__What you should do__: When a picture appears in the listing, leave it out and copy the rest exactly as it stands.

__Task data__:
# # # # # # #

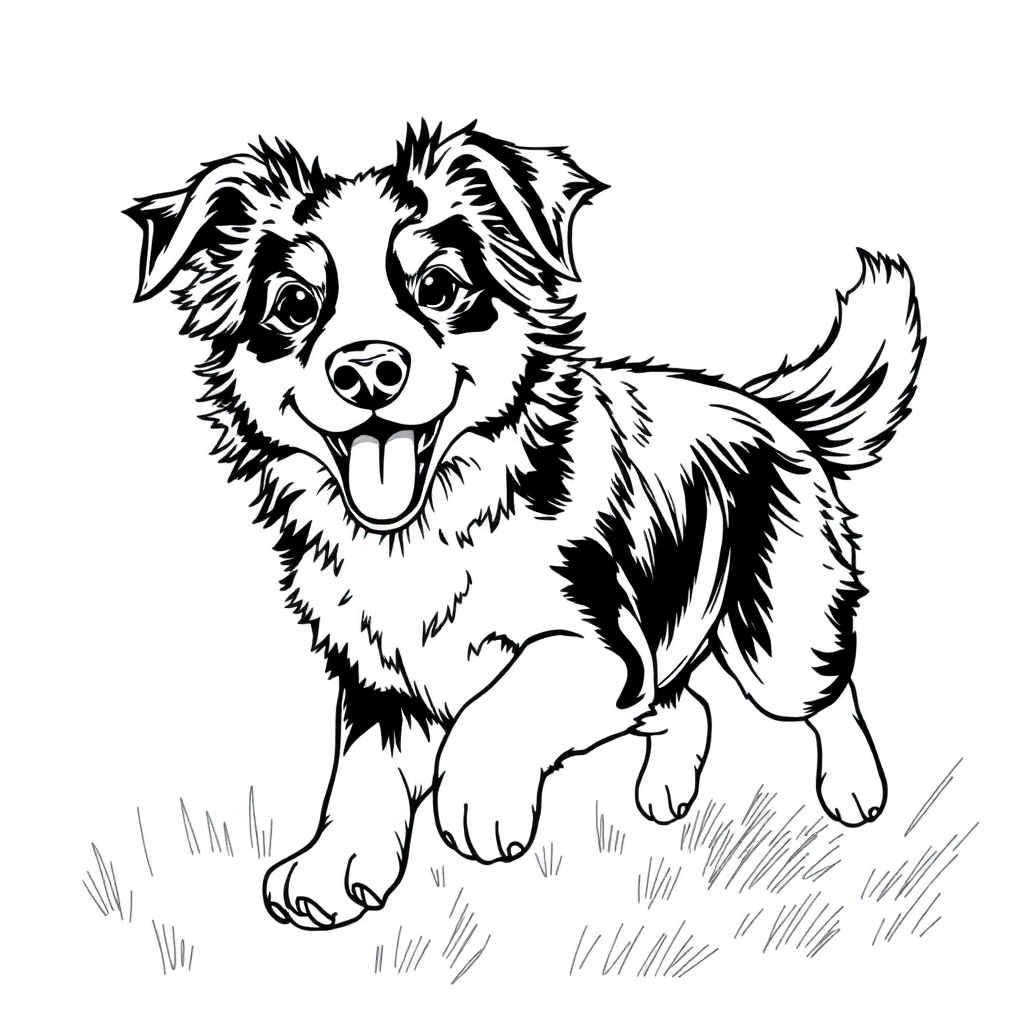 Australian Shepherd dog — playing and running, energetic and joyful coloring page Rockwell style free printable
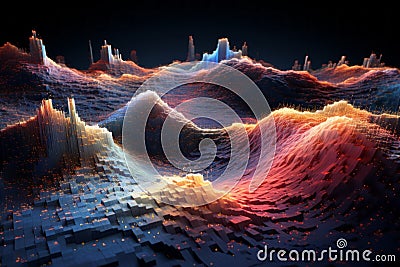 Dynamic 3D Data Streaming Viz Stock Photo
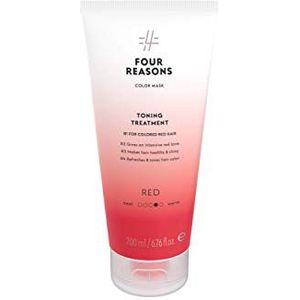 FOUR REASONS Verfmasker, rood, (19 kleuren) kleurbehandeling, kleurgevende conditioner, getoniseerd en verbeterd kleurbehandeld haar, semi-permanente haarkleur, 6,76 fl oz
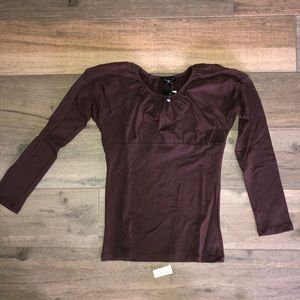 Girls Flowers by Zoe Long Sleeve Top Brown New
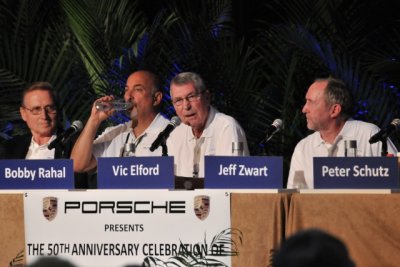 2013 Amelia Island Concours: Porsche 911 seminar panel members Alwin Springer, Bobby Rahal, Vic Elford, Jeff Swart (8954)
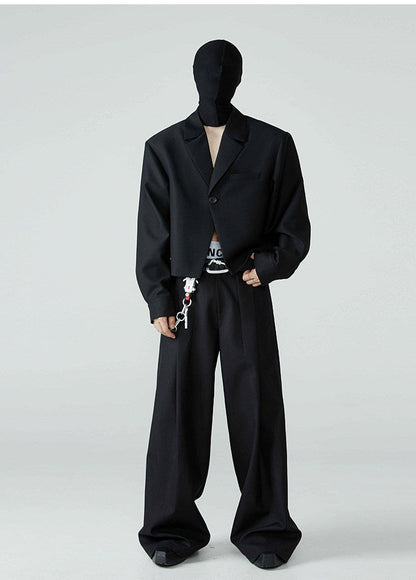FRKM SCD SS Loose-leaf Wide-Leg Black Pleated Casual Pants - AURA.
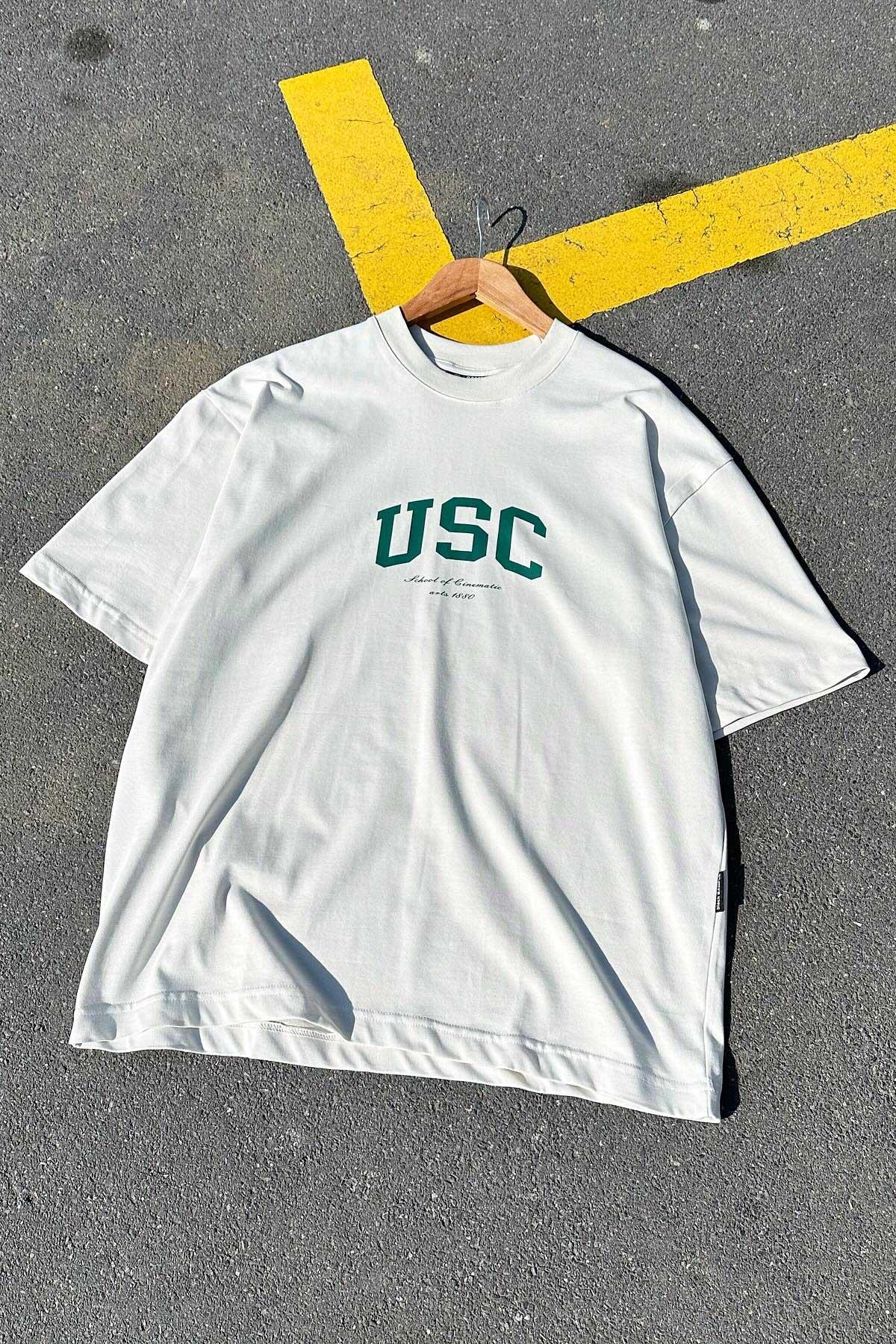 USC Bol Kalıp Kırık Beyaz T-Shirt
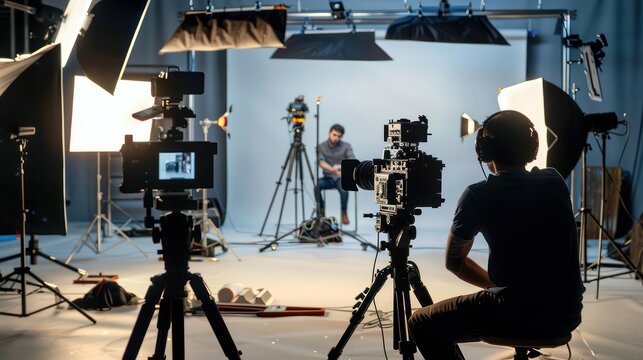 A person filming a product review or tutorial video, with professional lighting and camera equipment set up.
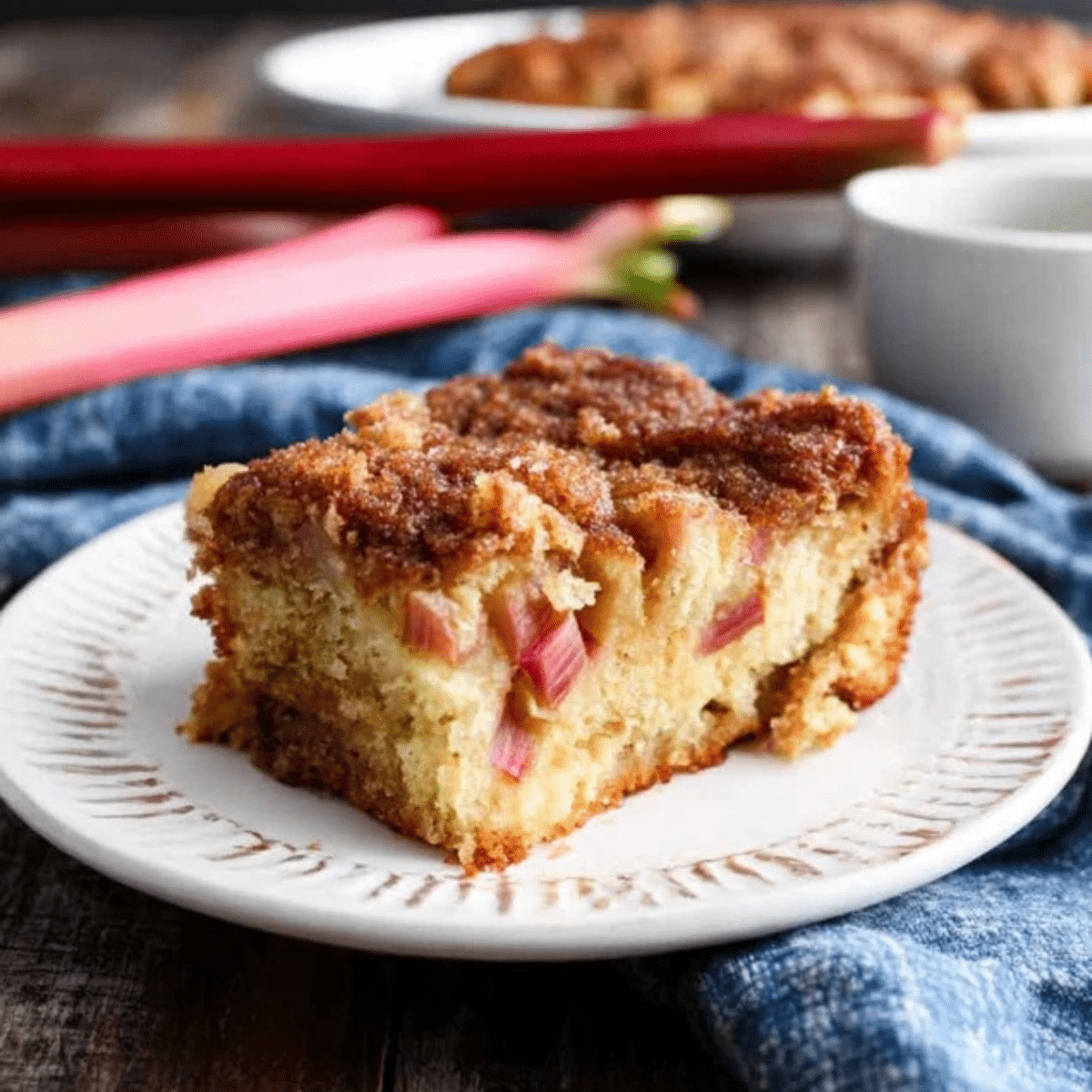 Double Crumb Rhubarb Coffee Cake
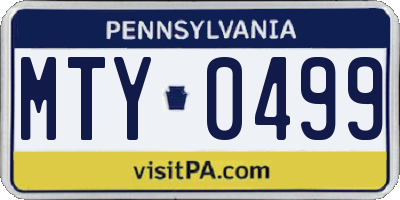 PA license plate MTY0499
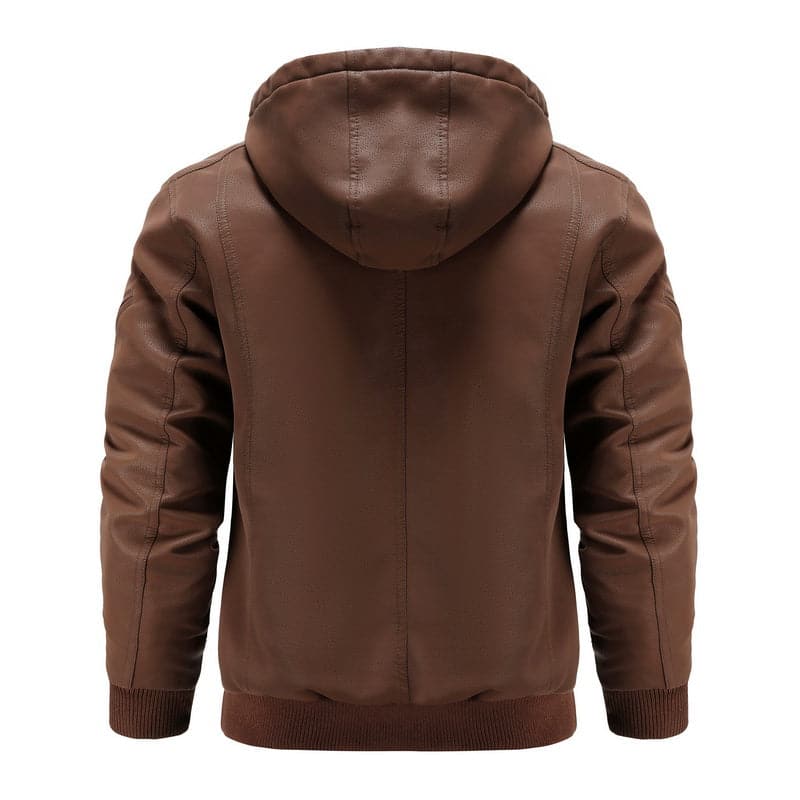 WW | Leder Look Jacke Kordelzug Kapuze Ge Quiltete Fütterung Reißverschlussverschluss Gerippter Saum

# # # # # # #

__Response box__:
 Australian Shepherd dog — playing and running, energetic and joyful coloring page Rockwell style free printable
 Dynamic 3D Data Streaming Viz Stock Photo
 FOUR REASONS Verfmasker, rood, (19 kleuren) kleurbehandeling, kleurgevende conditioner, getoniseerd en verbeterd kleurbehandeld haar, semi-permanente haarkleur, 6,76 fl oz
 Girls Flowers by Zoe Long Sleeve Top Brown New
 2013 Amelia Island Concours: Porsche 911 seminar panel members Alwin Springer, Bobby Rahal, Vic Elford, Jeff Swart (8954)
FRKM SCD SS Loose-leaf Wide-Leg Black Pleated Casual Pants - AURA.
 USC Bol Kalıp Kırık Beyaz T-Shirt
 A person filming a product review or tutorial video, with professional lighting and camera equipment set up.
 Double Crumb Rhubarb Coffee Cake
 PA license plate MTY0499
 WW | Leder Look Jacke Kordelzug Kapuze Ge Quiltete Fütterung Reißverschlussverschluss Gerippter Saum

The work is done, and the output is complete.